Matt Batten, ECD of Edge
By Matt Batten, ECD of Edge | 6 April 2017
Matt Batten, Edge.

The big news this week is the launch of Pepsi’s multi-million dollar showcase content film, the instant backlash, and the brand’s immediate withdrawal of the work.

I apologise for making you see something that cannot be unseen.

If you feel duped into watching this abhorrent piece of work, thusly adding to the view tally, rest-assured neither the agency nor the brand are likely to assume the millions of views are a sign of success.

The brand’s immediate action of pulling the film from their online channels, and the issue of several apologies, is proof positive that they know they did something wrong.

Aside from it being a pitiful piece of film starring several millennial icons and way too many brand mnemonics, the surge of criticism focuses on the misappropriation of protests and peaceful demonstrations which have become a powerful and meaningful movement for people to try and make positive change – not the least of which was Black Lives Matter.
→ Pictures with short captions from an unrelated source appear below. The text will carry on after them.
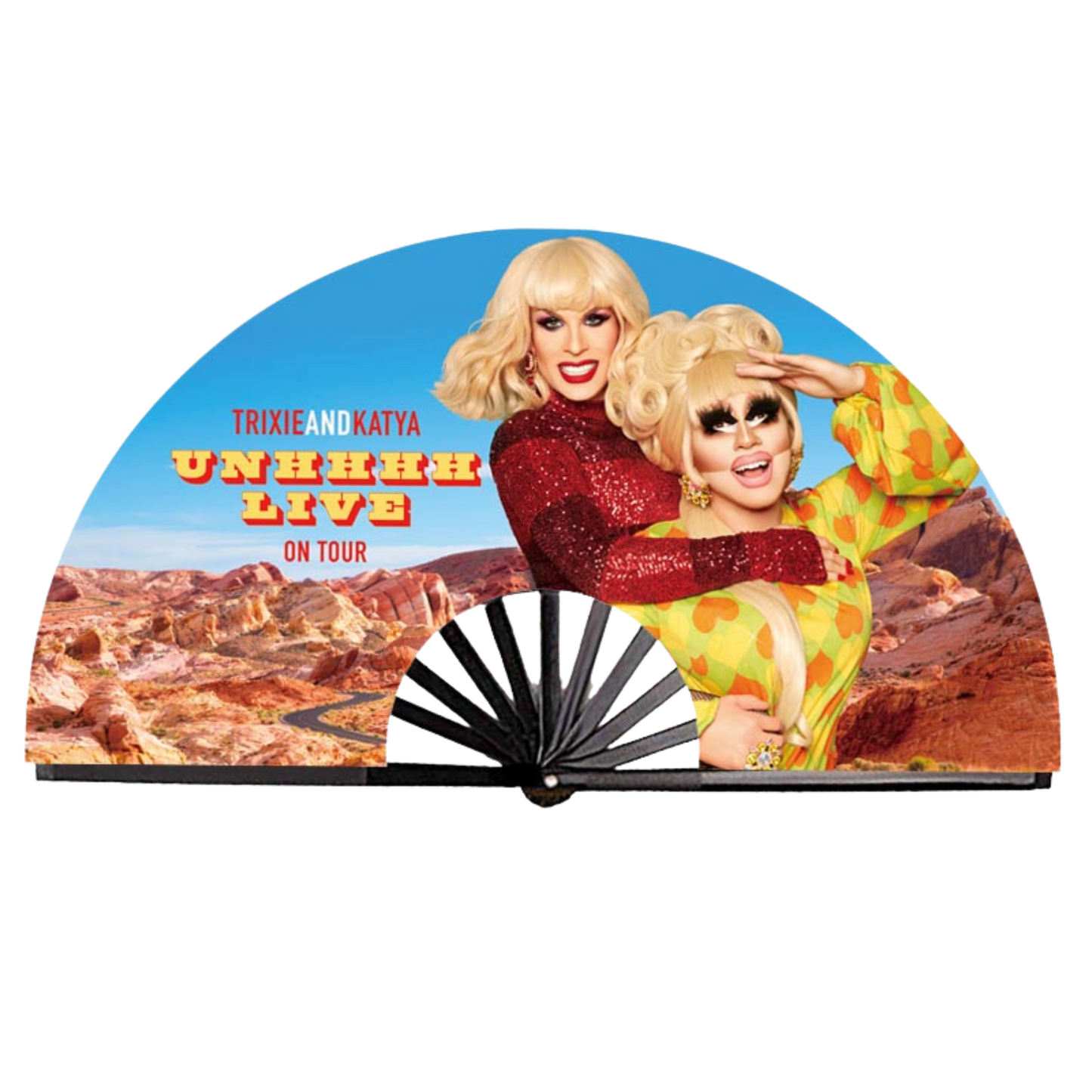 UNHhhh Tour Fan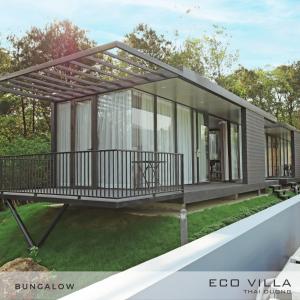 Afbeelding uit fotogalerij van Thái Dương Eco Villa in Tam Ðảo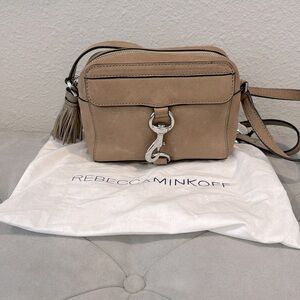✨Rebecca Minkoff MAB Camera📸 Bag ✨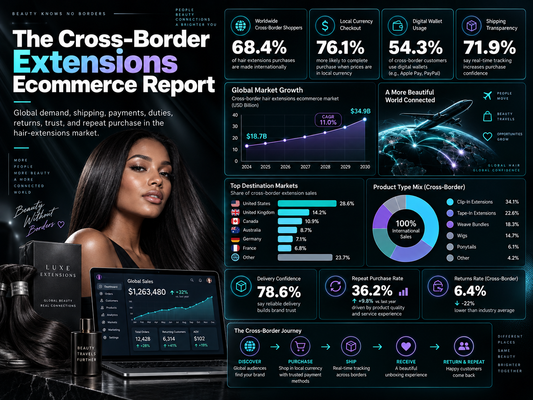 The Cross-Border Extensions Ecommerce Report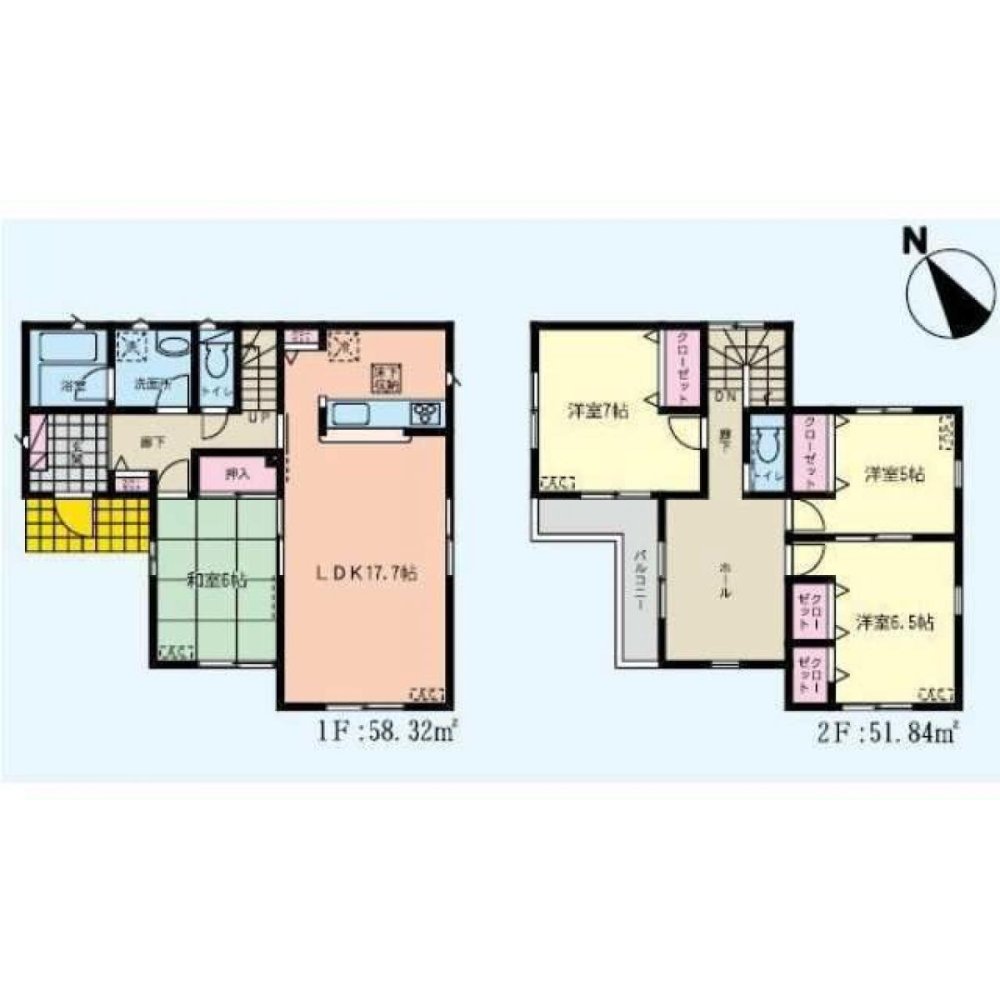 4 chambres Maison à Saitama, Japan No. 7177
The Pepsi film has even been constructed so that a particular image from a real Black Lives Matter demonstration has been carefully reconstructed as a scene, albeit with cans of soda.
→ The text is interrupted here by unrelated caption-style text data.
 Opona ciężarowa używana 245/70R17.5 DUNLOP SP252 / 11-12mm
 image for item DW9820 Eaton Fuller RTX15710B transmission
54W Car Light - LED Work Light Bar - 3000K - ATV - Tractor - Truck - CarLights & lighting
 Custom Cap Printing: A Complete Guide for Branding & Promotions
Such a detail does a great disservice to the symbolism of that genuine movement.

So where did it all go wrong?

It’s easy – especially for the ECD of a creative ad agency that has content at its heart – to notice that the film was the brainchild of Pepsi’s own internal content division, Creators League Studio, and point the finger of derision with a tsk, tsk, tsk. Leave the advertising to the experts.

But there’s more at the heart of this.

In all likelihood, Pepsi hired talented and experienced marketers and advertising creatives to staff their internal content studio (one would hope), however their model is based on collaborating with freelance creators, writers and film-makers on a project basis.

And while there are many talented cinematographers and screenwriters and content creators out there, brand marketing is a specialist skill that requires experience and understanding of the value of an idea for the purpose of selling a product to the right people at the right time in the right place. That’s what client’s are paying agencies for.

Pepsi assumed they could build a hive of content creators to produce their marketing, while they undertook the responsibility of marketing intelligence for themselves.

Whichever way you slice it, the responsibility for this falls on the client – the individual brand managers and content marketing managers who tote around a Pespi business card. They approved this idea.


Putting aside the big issue of trivialising the vox populi, the ad reads like a checklist of client requirements:

Open on product shot – tick

Overpaid celebrity to connect with Millennial audience – tick

Overt diversity to show inclusion – tick

Obvious use of brand colour (blue) throughout – tick

Product placement at 21 seconds – tick

Product placement at 42 seconds – tick

Product placement at 51 seconds – tick

Product placement at 1:14 – tick

Hero product shot at 1:49 – tick

Positive emotional interaction over product – tick

Product central to saving the day – tick

Positive response to product as hero – tick

High-fives – tick

Celebrity hero shot – tock

Logo – boom


One can imagine the team litany of data-fuelled insights and trend-watching that inspired this attempt at fabricated storytelling to resonate with a target audience. I bet there were genuine high-fives around the boardroom table. #NailedIt

But it’s not genuine. And even when it’s OK to be contrived, it didn’t come from the heart. The amalgam of insights and social mores turned into a real-life Frankenstein’s monster that rampaged the village.

The irony is that Pepsi’s poor attempt at leveraging the people’s right to demonstrate, incited the people to demonstrate.

Pitch forks. Torches. Gate.

With no agency to be the buffer, scapegoat, or voice of reason in the first place.